▶ [Task to complete]: Exactly as written, copy every line from the one containing "John William Waterhouse" through the end of the records, with the pictures left out.

▶ [Source material]:
▬▬▬▬▬▬▬▬▬▬

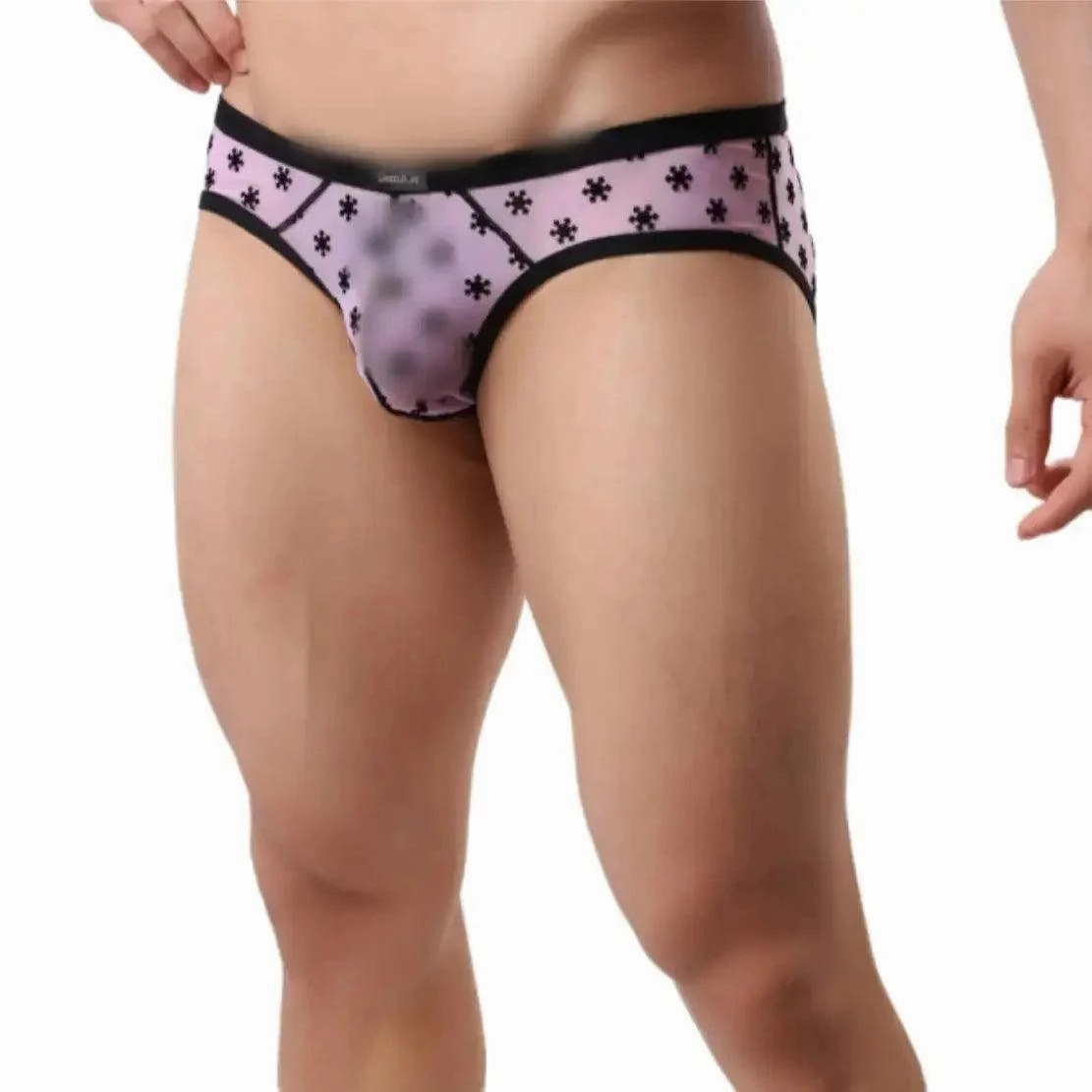DomiGe Mesh Briefs Velvet Sheer Male Skulls Print Sexy Underwear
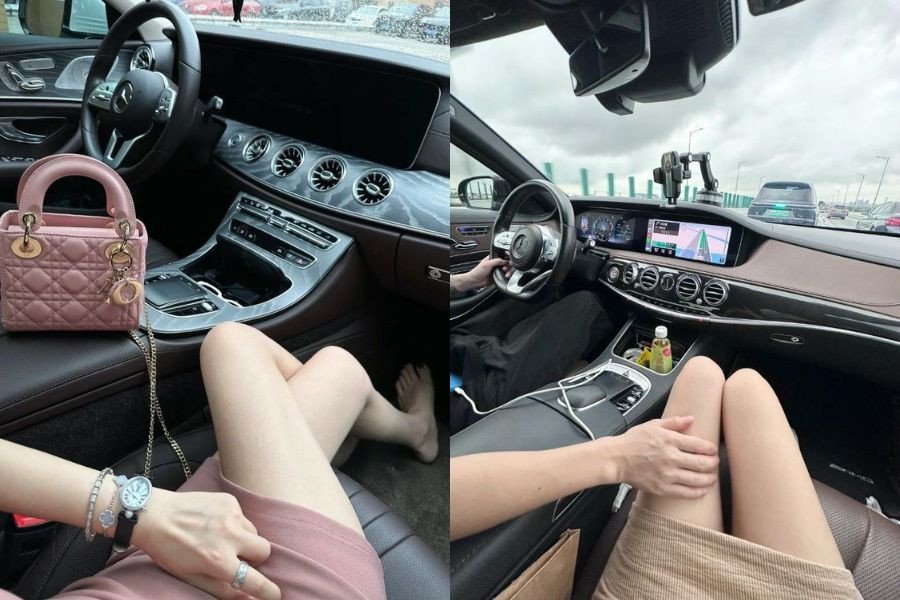 Tạo dáng thanh lịch khi ngồi ở ghế phụ xe hơi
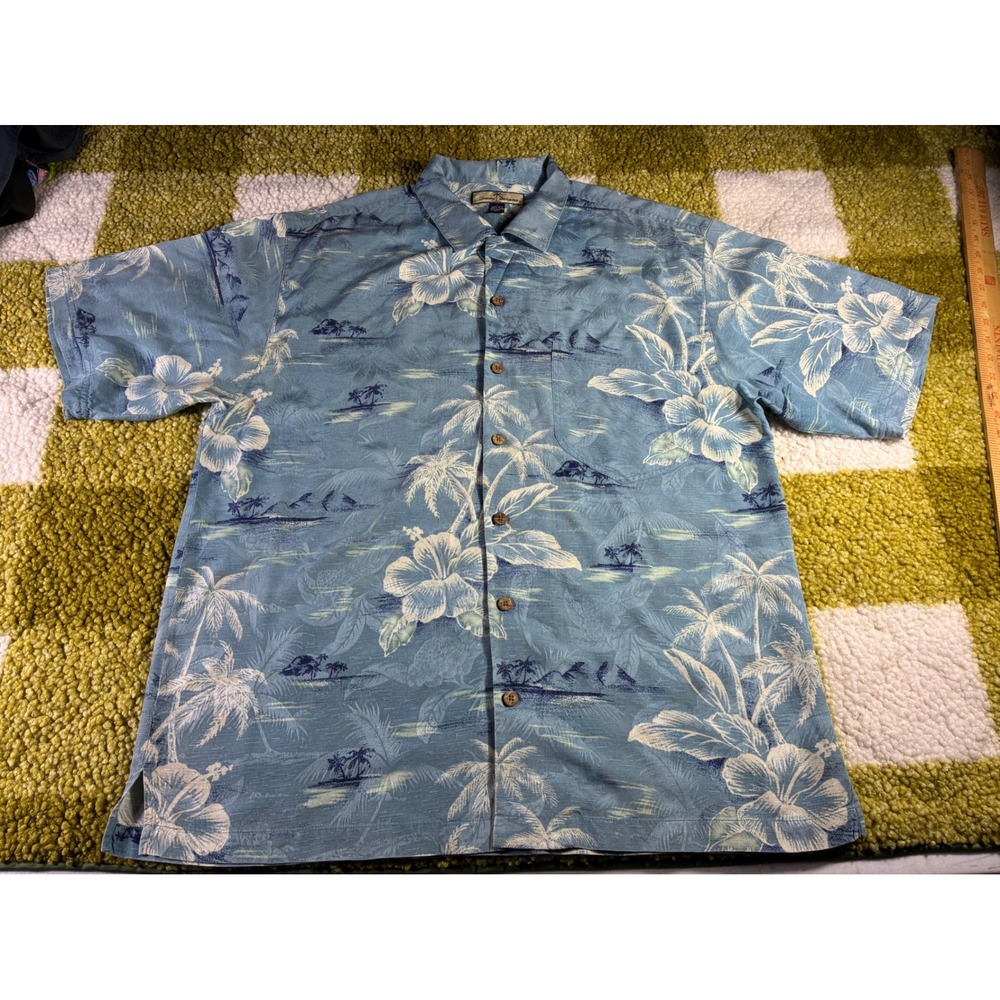 Tommy Bahama Mens Large Blue Silk Tropical Hibiscus Palm Tree Camp Shirt L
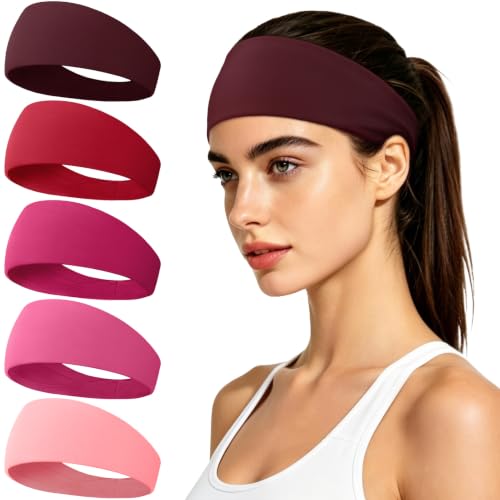 Sweat Band, 5 Pack Headband Moisture Wicking for Running Sports | Workout Sweatband, Unisex Fit, Non-Slip, Skin-Friendly, Multi-Use, Perfect for Exercise, Lightweight - color: Burgundy+Red+Rose Red+Pink+Light Pink
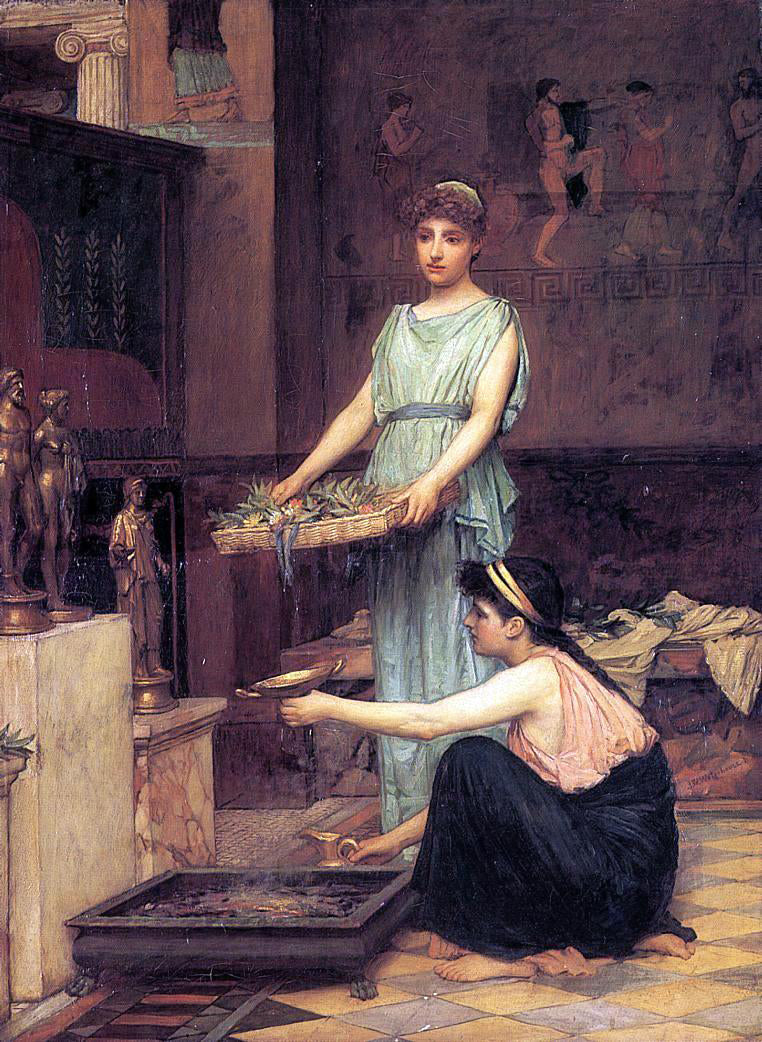 John William Waterhouse The Household Gods - Canvas Print
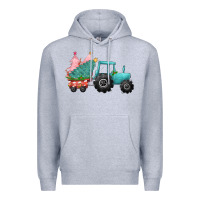 Heather Grey Christmas tree tractor Premium Hoodie - CowGirlArtShop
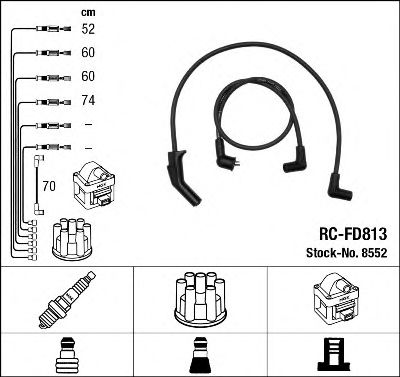 Imagine Set cablaj aprinder NGK 8552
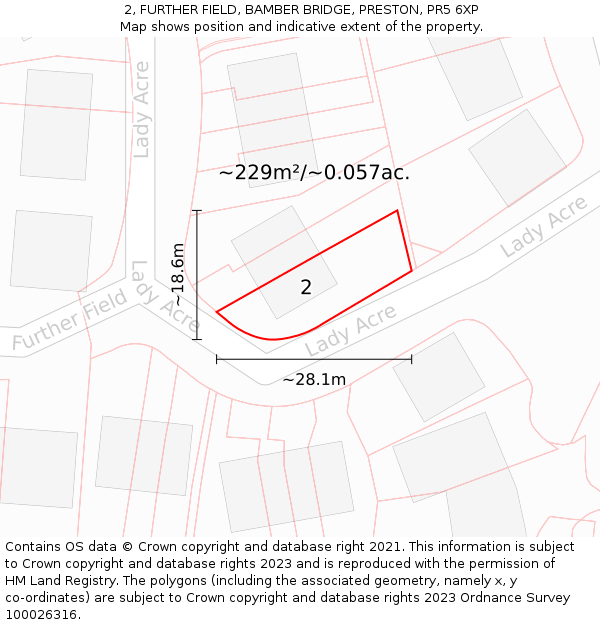 2, FURTHER FIELD, BAMBER BRIDGE, PRESTON, PR5 6XP: Plot and title map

▬▬▬▬▬▬▬▬▬▬

▶ [Finished task]:
 John William Waterhouse The Household Gods - Canvas Print
 Heather Grey Christmas tree tractor Premium Hoodie - CowGirlArtShop
 Imagine Set cablaj aprinder NGK 8552
 2, FURTHER FIELD, BAMBER BRIDGE, PRESTON, PR5 6XP: Plot and title map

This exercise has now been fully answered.